- From: Patrick Stickler <patrick.stickler@nokia.com>
- Date: Thu, 10 Oct 2002 11:14:27 +0300
- To: "ext Jeremy Carroll" <jjc@hplb.hpl.hp.com>, "Brian McBride" <bwm@hplb.hpl.hp.com>
- Cc: "RDF Core" <w3c-rdfcore-wg@w3.org>
[Patrick Stickler, Nokia/Finland, (+358 40) 801 9690, patrick.stickler@nokia.com]
> Node a = Node.createLiteral("foo");
> Node b = Node.createLiteral("foo");
> if ( a.equals(b) ) {
> System.err.println("a = b");
> }
> ...
>
> would print out
>
> a = b
> a is the object of t
It seems to me that the problem is in the Node equals()
method, as it is incorrectly presuming that string
equality of labels for any arbitrary node is the same
as semantic equality.
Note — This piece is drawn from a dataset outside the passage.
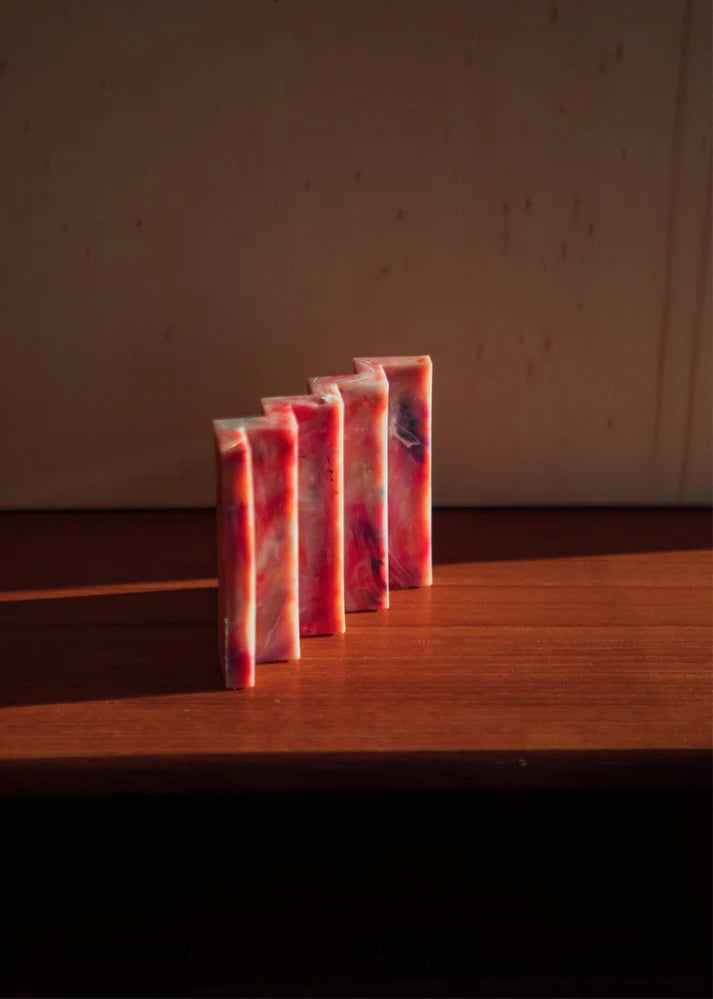 Van'ish Pink Soap Dish by Mull Club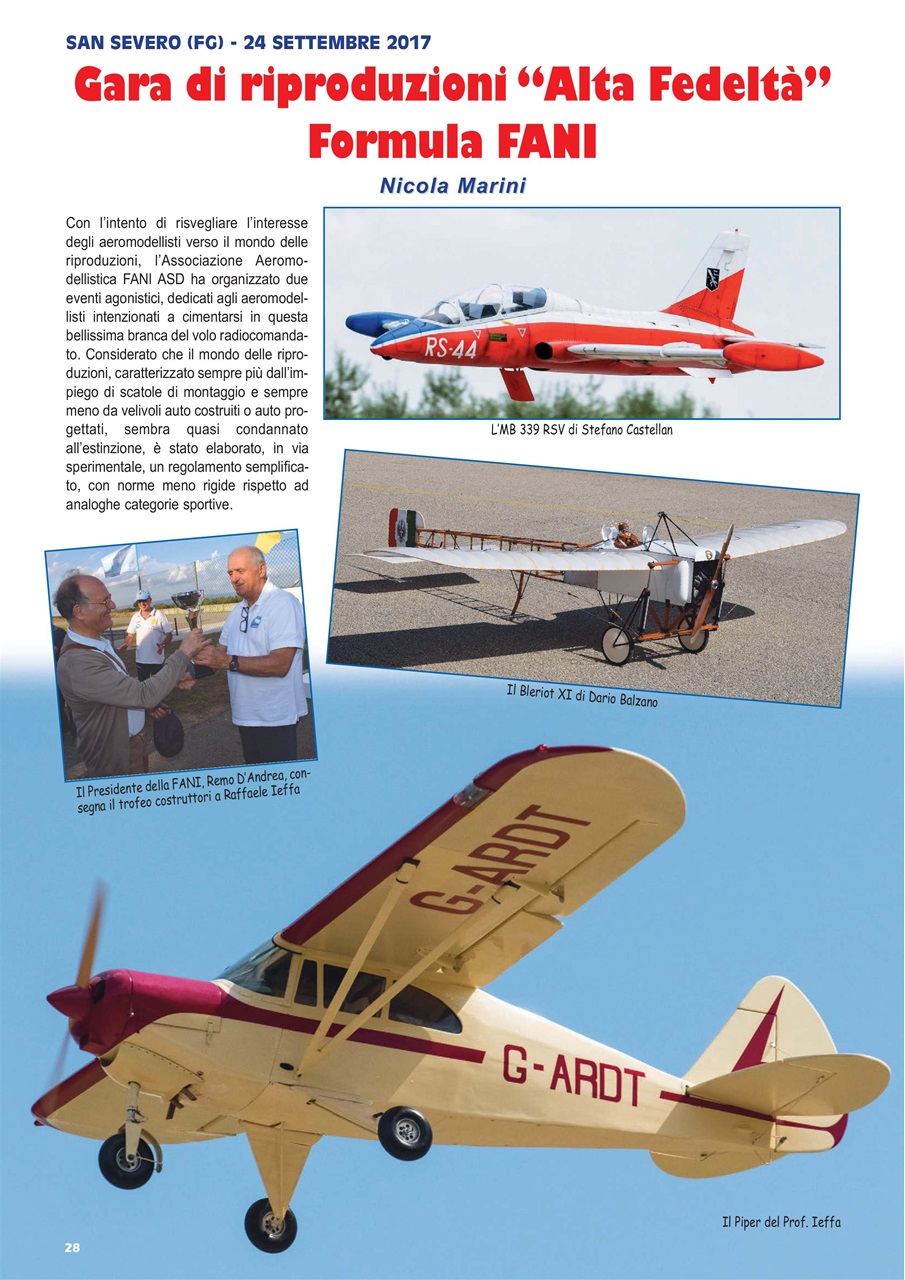Modellistica International Preview Pages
For untidy inlined literals, this
is not the case, so the method would need to be modified
so that in fact a != b in the above example.
After all, a and b are Node objects, not strings, and one
would expect the Node comparison methods to reflect the
RDF MT, right?
My motivation for the earlier proposals of using systemID
prefixes on inlined literals to implicitly denote the
datatype was so that methods such as Node equals would not
have to change and one would be able to fairly presume that
label string equality is the same as semantic equality.
Thus, if
Node a = Node.createLiteral("foo");
Node b = Node.createLiteral("foo");
actually resulted in the nodes having the internal labels of
_:x"foo" and _:y"foo" then the existing implementation of
the equals() method based on simple string-equality of labels
would function as expected and conclude a != b as it should.
Still, simply fixing the Node comparison functions in Jena to
take into account that non-explicitly typed inlined literals
are not semantically equivalent even if string-equal would
do the job, eh?
Patrick
Received on Thursday, 10 October 2002 04:24:17 UTC